I’ve only noticed this yesterday, but after firing up gimp 3.0 — which is gtk3-based — its menu is now displayed inside the application window instead of in Plasma’s global menu widget, or, if you opt for client-side decorations, in the gimp toolbar. The same is true for abiword and diffuse, which are also gtk3-based.
Now, gimp 2.x was either way still exporting its menu to the Plasma global menu widget, and I do still have the appmenu-gtk-module installed — which was specifically created to allow gtk2 and gtk3 applications to export their menus to the Plasma global menu widget — but looking at the package information, appmenu-gtk-module appears to not have been updated anymore since May 2024, and the -git version from the AUR hasn’t even been touched anymore since April 2024.
Any ideas?
Note:chromium still exports its menu — actually, a redacted version of it — to Plasma’s global menu widget, but chromium was specifically coded for that by Google upstream, even without having to rely on the appmenu-gtk-module. That’s why the menu it exports is only a redacted version of chromium’s full menu, which in turn can be brought up by clicking the three vertical dots to the right of the toolbar.

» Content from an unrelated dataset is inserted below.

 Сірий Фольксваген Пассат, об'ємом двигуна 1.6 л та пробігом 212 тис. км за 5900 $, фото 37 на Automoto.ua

I don’t have any idea what the issue you’re having means. I don’t notice any differences. Lots of things that were updated in Gtk3 have put their spell on things globally, like MyPaint didn’t want to start until I changed its code. I’m sure there are other things as well, not yet discovered. But so far, nothing major for me.

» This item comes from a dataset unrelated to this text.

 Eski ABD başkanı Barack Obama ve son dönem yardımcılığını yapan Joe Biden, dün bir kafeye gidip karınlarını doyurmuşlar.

At the cost of lost screen real estate, because now the menu has to take up space inside the application window.
No. Different beast.
Oh yes — such is the nature of gtk.
Getting back to the subject at hand, there was a comment at kde.org about some bug fix introduced in Plasma 6.3.3 for the in-window menus of gtk applications.
The stock firefox has never supported a global menu — or at least, not on GNU/Linux, because the macOS version does — but there are specially patched versions of it in the AUR, and likewise for some of the firefox spinoffs like librewolf.

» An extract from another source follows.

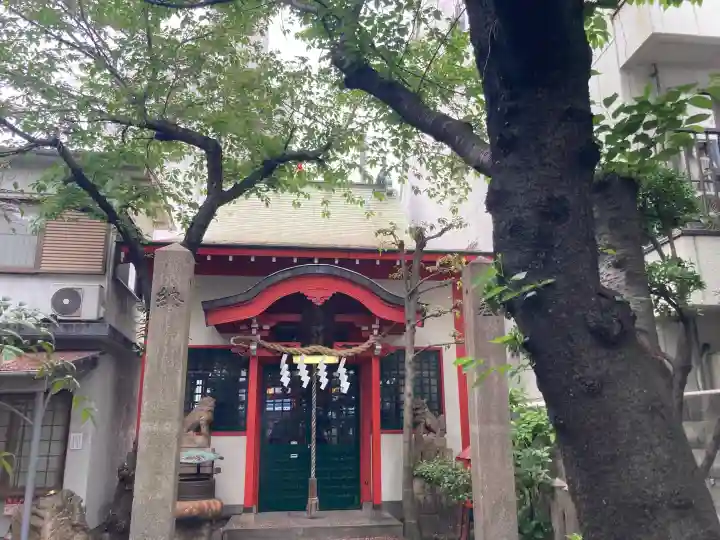 西出鎮守稲荷神社の{uncategorized: "未分類", other: "その他", undefined: "問題あり", building: "その他建物", grave: "お墓", sacred_gate: "鳥居", guardian: "狛犬", statue: "像", buddha: "仏像", history: "歴史", nature: "自然", garden: "庭園", animal: "動物", pagoda: "塔", temizu: "手水舎", mountain_gate: "山門・神門", sanctuary: "本殿・本堂", subordinate: "末社・摂社", art: "芸術", scenery: "景色", jizo: "地蔵", ema: "絵馬", goshuin: "御朱印", omikuji: "おみくじ", items: "授与品その他", amulet: "お守り", goshuincho: "御朱印帳", eats: "食事", festival: "お祭り", votive_dance: "神楽", shichigosan: "七五三参", wedding: "結婚式", experience: "体験その他", initially: "初詣", around: "周辺", anti_infection: "感染症対策"}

I actually have a HowTo about it in the Tutorials section.
The problem however is that it takes about 5 hours of compiling. Been there, done that, have the T-shirt and the bumper sticker.
Well, it’s a matter of personal preference. The global menu corresponds to my personal preferences in ergonomics and logic, and it makes for a more integrated feel regarding applications and operating system, which is perfectly consistent with the fact that UNIX was conceived as an integrating toolbox, in which applications become mere extensions of the operating system, as opposed to separate entities like in MS-Windows.